Collected data entries
========
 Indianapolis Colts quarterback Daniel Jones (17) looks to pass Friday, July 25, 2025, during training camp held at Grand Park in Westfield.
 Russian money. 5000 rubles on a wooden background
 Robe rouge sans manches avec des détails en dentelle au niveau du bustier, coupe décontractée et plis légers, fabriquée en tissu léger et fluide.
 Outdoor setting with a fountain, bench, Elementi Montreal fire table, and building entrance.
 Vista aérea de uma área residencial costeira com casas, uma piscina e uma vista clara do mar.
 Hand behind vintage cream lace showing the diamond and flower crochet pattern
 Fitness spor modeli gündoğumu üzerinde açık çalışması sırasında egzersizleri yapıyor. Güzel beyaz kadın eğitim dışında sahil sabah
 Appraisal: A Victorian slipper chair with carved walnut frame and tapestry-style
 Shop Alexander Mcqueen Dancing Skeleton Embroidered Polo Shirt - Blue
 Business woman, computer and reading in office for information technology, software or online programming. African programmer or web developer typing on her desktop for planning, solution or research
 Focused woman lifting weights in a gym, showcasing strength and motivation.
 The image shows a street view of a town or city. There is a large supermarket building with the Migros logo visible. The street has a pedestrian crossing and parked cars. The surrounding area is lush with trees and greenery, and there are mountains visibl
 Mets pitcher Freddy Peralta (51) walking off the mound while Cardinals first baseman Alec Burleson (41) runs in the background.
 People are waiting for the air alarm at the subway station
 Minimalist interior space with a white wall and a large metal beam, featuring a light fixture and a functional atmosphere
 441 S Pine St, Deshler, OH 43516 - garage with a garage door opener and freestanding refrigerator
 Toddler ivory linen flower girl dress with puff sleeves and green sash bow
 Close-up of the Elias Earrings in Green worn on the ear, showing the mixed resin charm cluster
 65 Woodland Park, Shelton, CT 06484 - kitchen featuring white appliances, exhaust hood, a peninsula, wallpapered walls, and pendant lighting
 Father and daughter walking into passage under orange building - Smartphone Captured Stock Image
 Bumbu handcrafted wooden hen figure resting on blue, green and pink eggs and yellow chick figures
========
» What is expected
Each record must be repeated exactly as it appears above.

» Your solution
 Indianapolis Colts quarterback Daniel Jones (17) looks to pass Friday, July 25, 2025, during training camp held at Grand Park in Westfield.
 Russian money. 5000 rubles on a wooden background
 Robe rouge sans manches avec des détails en dentelle au niveau du bustier, coupe décontractée et plis légers, fabriquée en tissu léger et fluide.
 Outdoor setting with a fountain, bench, Elementi Montreal fire table, and building entrance.
 Vista aérea de uma área residencial costeira com casas, uma piscina e uma vista clara do mar.
 Hand behind vintage cream lace showing the diamond and flower crochet pattern
 Fitness spor modeli gündoğumu üzerinde açık çalışması sırasında egzersizleri yapıyor. Güzel beyaz kadın eğitim dışında sahil sabah
 Appraisal: A Victorian slipper chair with carved walnut frame and tapestry-style
 Shop Alexander Mcqueen Dancing Skeleton Embroidered Polo Shirt - Blue
 Business woman, computer and reading in office for information technology, software or online programming. African programmer or web developer typing on her desktop for planning, solution or research
 Focused woman lifting weights in a gym, showcasing strength and motivation.
 The image shows a street view of a town or city. There is a large supermarket building with the Migros logo visible. The street has a pedestrian crossing and parked cars. The surrounding area is lush with trees and greenery, and there are mountains visibl
 Mets pitcher Freddy Peralta (51) walking off the mound while Cardinals first baseman Alec Burleson (41) runs in the background.
 People are waiting for the air alarm at the subway station
 Minimalist interior space with a white wall and a large metal beam, featuring a light fixture and a functional atmosphere
 441 S Pine St, Deshler, OH 43516 - garage with a garage door opener and freestanding refrigerator
 Toddler ivory linen flower girl dress with puff sleeves and green sash bow
 Close-up of the Elias Earrings in Green worn on the ear, showing the mixed resin charm cluster
 65 Woodland Park, Shelton, CT 06484 - kitchen featuring white appliances, exhaust hood, a peninsula, wallpapered walls, and pendant lighting
 Father and daughter walking into passage under orange building - Smartphone Captured Stock Image
 Bumbu handcrafted wooden hen figure resting on blue, green and pink eggs and yellow chick figures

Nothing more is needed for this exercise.